Lenders already beset by several issues, including economic and political uncertainty and regulatory pressure to pull back from the commercial real estate market, will be required to retain at least 5% of the credit risk under new rules to take effect Dec. 24.

"A lot of the industry feels the regulators have overshot," said Christina Zausner, vice president for industry and policy analysis at the Commercial Real Estate Finance Council. "The combined effects of the regulations have made the markets much thinner."

Buyers of commercial properties can still get a loan from a bank, "but it is really hard for the investment banks to hold CMBS inventory for market-making reasons, even if it is a highly rated bond," Zausner added. "What that means is there is not a lot of liquidity, pricing or discovery. People feel less sure about the market."

Industry representatives said they are concerned.

The "final rule does have some problematic components, which I think could have a significant impact on the CMBS market," said Tom Kim, senior vice president at the Mortgage Bankers Association. "And it could go into effect at a time when there is a lot of volatility in the capital markets."

Industry estimates commercial mortgage back securities issuance will total $50 billion to $60 billion this year — less than the $97 billion in issuance last year. Economists at Wells Fargo Securities recently reported that issuance in the market has fallen to the lowest levels since 2009.

While there are fears that risk retention could worsen an already dire situation, the first deal could also provide relief when it is priced.

One such deal was sold in June as kind of a dry run for what risk retention will look like going forward, according to Manus Clancy, a managing director at Trepp LLC.

The $596 million JPMorgan CMBS deal issued June 7 had a 5% risk retention piece. It was designed to show the Securities and Exchange Committee what the industry is thinking in terms of meeting the risk retention requirements.

"We are hearing other banks are playing around with different structures that would accomplish the same thing," said Clancy in an interview. "At this point, investors and issuers think this is a surmountable problem. I don't think anyone is in a panic mode.

The retained credit risk (or B-piece) can be kept by the issuer or sold to a third-party investor. But starting in December, the B-piece owners will have to hold the retained risk for 10 years.

There are still ongoing negotiations between B-piece buyers and the banks on who is going to hold that particular portion of the credit risk, according to one source who did not want to be identified. It is also possible for the CMBS issuer to split the risk retention requirement with the investor.

"Over the past six months, we have seen more B-piece investors stepping forward, raising dedicated funds and saying they will be the holder of that risk going forward," Clancy said.

One school of thought is the loans will be sold to the B-piece buyer the day before the issuance of the bonds, according to Clancy.

"The banks will continue to make loans and have permanent partners with the B-piece buyers, who understand the quality of the loans the bank is making," he said. "The bank no longer retains the risk and serves mainly as an originator and placement agent."

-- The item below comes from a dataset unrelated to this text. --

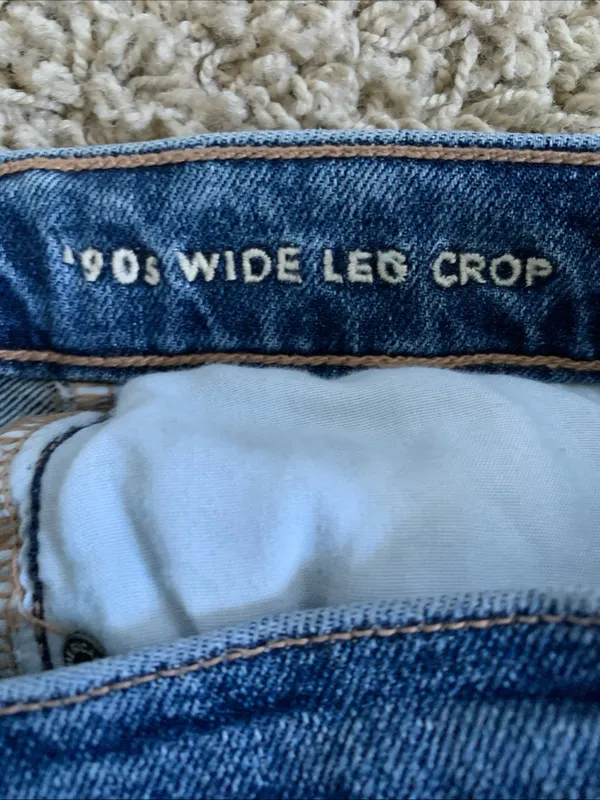 AE wide-leg crop size 2short denim blue jeans - Image 3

The final risk retention rule issued in 2014 allows for an "L-shaped structure" where the issuer and third-party investors each hold a portion of the required risk retention interest, according to industry representatives.

Meanwhile, the quality of CMBS deals that are getting done currently is high. "Deals getting through are vastly improved from deals issued last year," Zausner said.

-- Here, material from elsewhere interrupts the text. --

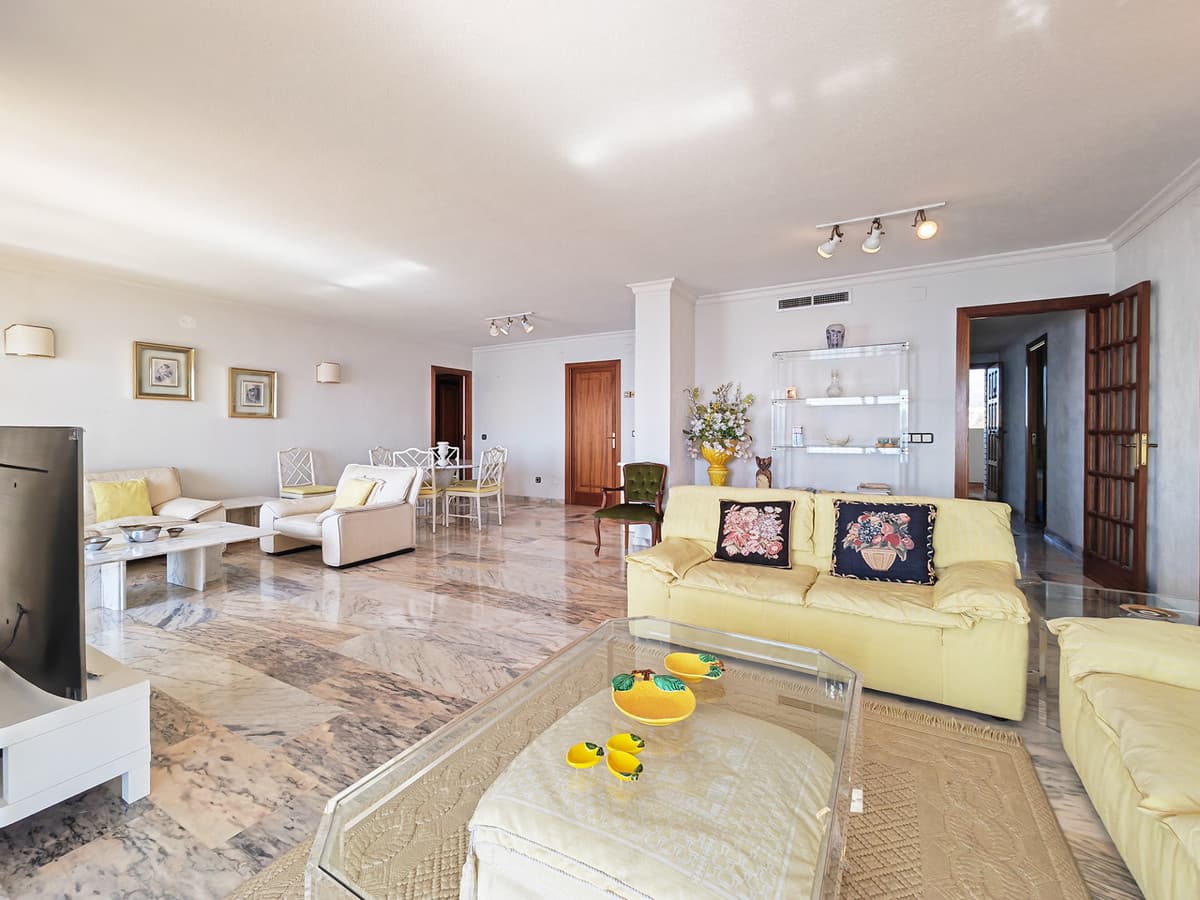 Middle Floor Apartment in Fuengirola — photo 8 of 10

However, the biggest concern is that risk retention deals will drive up borrowing costs for commercial property owners.

Well Fargo Securities economists argue the rule could increase the cost of capital for securitized products and increase the strain on banks.

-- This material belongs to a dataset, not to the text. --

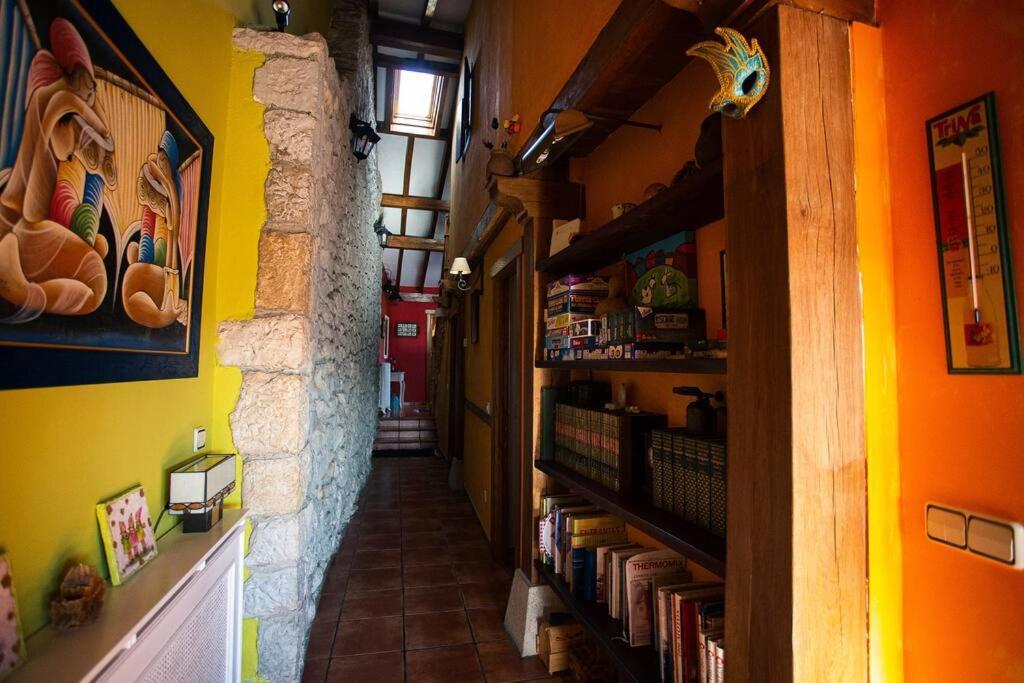 Holiday home Casa Independiente Con Chimena, Jardin Y Barbacoa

"These regulations also come at a time when refinancing activity is picking up, with about $40 billion of CMBS loans maturing this year and $85 billion in 2017," according to a May 23 report.

Zausner said that "in general, there is still capital available to fund commercial real estate loans, but it is coming from different sources and seeking higher returns."

Some industry representatives are pursuing a legislative fix. The MBA backs a bill authored by Rep. French Hill, R-Ark., that would soften the 5% risk retention requirement. The bill provides an exemption for single-asset, single-borrower transactions and would allow investors to split the retained risk horizontally and in line with the structure of the bonds, or pari-passu, as currently required by the final rule, according to the Commercial Real Estate Finance Council, which also supports the legislation.

The bill has been approved by the House Financial Services Committee, but it has gained little traction in the Senate.

"We support the bill along with other coalition organization members," said Kim, who said it was a common-sense reform that would enable the securitization market to continue financing CRE properties. "We continue to press Congress to make progress on that piece of legislation."